TASK: Each entry must be given again exactly as it appears, with images excluded.

_ _ _ _ _ _ _

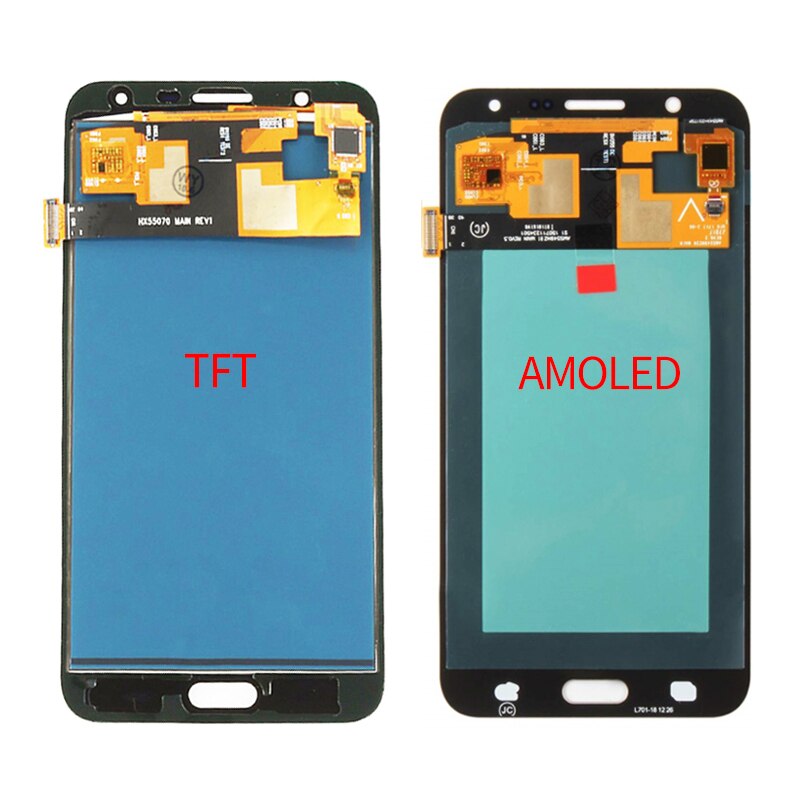 Super AMOLED Für Samsung Galaxis J7 J700 J700H J700M LCD Anzeige Touchscreen Digitizer Montage J700F LCD Anzeige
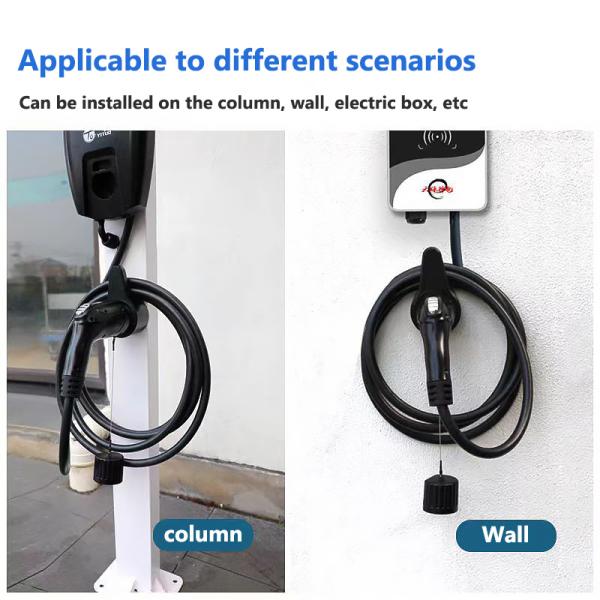 High Flame Retardant PC Fuel Shell Type1 SAE J1772 EV Charger Connector Socket IP55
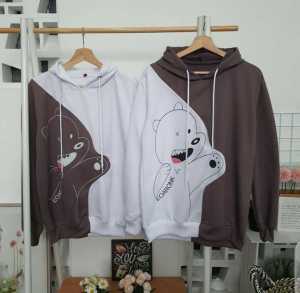 Sweater Wanita Termurah Berkualitas - Burgundy Bear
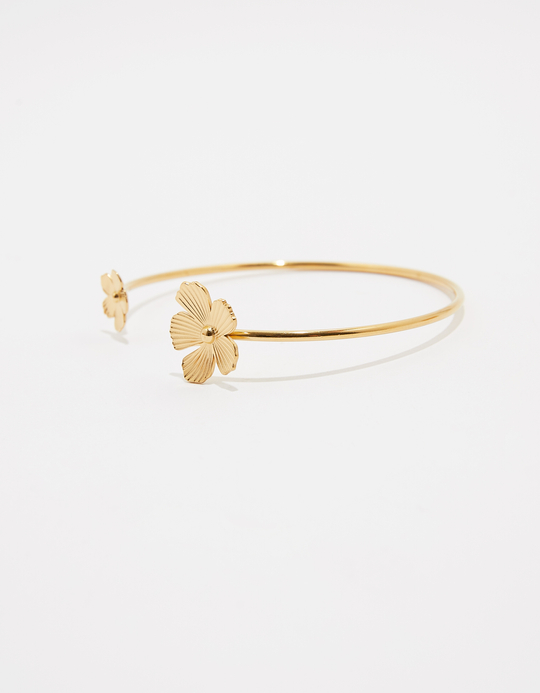 TALLY WEiJL, Bracciale rigido dorato con fiori for Women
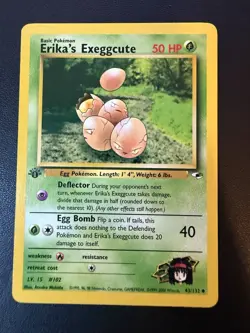 Pokemon Card - Erika's Exeggcute 1st Edition Gym Heroes 43/132 Uncommon 43/132 - Image 1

_ _ _ _ _ _ _

ANSWER SPACE:
 Super AMOLED Für Samsung Galaxis J7 J700 J700H J700M LCD Anzeige Touchscreen Digitizer Montage J700F LCD Anzeige
 High Flame Retardant PC Fuel Shell Type1 SAE J1772 EV Charger Connector Socket IP55
 Sweater Wanita Termurah Berkualitas - Burgundy Bear
 TALLY WEiJL, Bracciale rigido dorato con fiori for Women
 Pokemon Card - Erika's Exeggcute 1st Edition Gym Heroes 43/132 Uncommon 43/132 - Image 1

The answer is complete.